++++ GIVEN DATA ++++

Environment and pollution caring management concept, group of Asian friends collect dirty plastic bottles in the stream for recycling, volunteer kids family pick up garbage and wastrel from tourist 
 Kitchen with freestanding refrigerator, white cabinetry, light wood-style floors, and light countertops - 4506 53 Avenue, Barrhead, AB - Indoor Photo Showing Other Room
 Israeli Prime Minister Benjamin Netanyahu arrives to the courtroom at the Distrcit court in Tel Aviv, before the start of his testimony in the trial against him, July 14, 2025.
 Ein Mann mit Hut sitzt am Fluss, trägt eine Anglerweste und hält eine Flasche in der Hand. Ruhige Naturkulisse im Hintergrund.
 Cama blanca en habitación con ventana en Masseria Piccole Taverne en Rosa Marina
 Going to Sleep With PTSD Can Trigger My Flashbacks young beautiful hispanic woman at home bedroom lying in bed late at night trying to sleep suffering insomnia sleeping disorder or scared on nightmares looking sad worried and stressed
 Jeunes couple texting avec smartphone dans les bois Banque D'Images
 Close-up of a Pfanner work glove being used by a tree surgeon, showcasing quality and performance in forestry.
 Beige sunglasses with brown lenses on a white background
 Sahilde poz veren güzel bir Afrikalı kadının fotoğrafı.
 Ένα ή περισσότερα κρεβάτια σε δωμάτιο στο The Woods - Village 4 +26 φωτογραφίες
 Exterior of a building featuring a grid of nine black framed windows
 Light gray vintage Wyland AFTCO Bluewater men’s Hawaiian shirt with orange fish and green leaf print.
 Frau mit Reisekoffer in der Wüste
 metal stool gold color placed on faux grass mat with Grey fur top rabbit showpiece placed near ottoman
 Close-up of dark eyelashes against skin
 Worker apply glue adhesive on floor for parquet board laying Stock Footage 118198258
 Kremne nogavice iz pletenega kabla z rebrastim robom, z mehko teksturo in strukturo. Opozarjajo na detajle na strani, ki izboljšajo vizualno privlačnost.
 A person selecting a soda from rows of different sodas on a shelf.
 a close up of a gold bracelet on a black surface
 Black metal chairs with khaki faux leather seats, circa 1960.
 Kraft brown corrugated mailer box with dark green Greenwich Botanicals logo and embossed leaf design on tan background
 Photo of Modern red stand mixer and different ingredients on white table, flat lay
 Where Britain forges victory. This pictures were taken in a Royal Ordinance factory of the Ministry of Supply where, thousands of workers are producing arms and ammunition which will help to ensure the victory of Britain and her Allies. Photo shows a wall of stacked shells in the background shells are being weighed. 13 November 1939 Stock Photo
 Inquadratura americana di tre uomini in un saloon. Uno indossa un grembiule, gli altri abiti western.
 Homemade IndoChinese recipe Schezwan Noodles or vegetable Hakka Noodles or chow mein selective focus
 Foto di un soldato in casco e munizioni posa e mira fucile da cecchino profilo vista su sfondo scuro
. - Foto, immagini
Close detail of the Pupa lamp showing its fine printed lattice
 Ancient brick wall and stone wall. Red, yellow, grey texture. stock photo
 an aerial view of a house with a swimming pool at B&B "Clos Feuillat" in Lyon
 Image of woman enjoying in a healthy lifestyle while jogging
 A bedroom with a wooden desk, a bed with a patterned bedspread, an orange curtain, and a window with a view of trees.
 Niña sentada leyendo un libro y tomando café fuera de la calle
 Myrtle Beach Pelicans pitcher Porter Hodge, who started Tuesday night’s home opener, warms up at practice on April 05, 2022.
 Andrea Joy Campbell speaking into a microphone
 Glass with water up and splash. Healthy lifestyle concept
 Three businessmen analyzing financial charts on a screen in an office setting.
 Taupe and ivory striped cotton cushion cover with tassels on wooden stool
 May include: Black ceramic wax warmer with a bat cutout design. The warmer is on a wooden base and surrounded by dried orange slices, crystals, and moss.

++++

TRY IT
Take every line above that includes the string "brown" and return it.

WRITTEN SOLUTION
 Beige sunglasses with brown lenses on a white background
 Kraft brown corrugated mailer box with dark green Greenwich Botanicals logo and embossed leaf design on tan background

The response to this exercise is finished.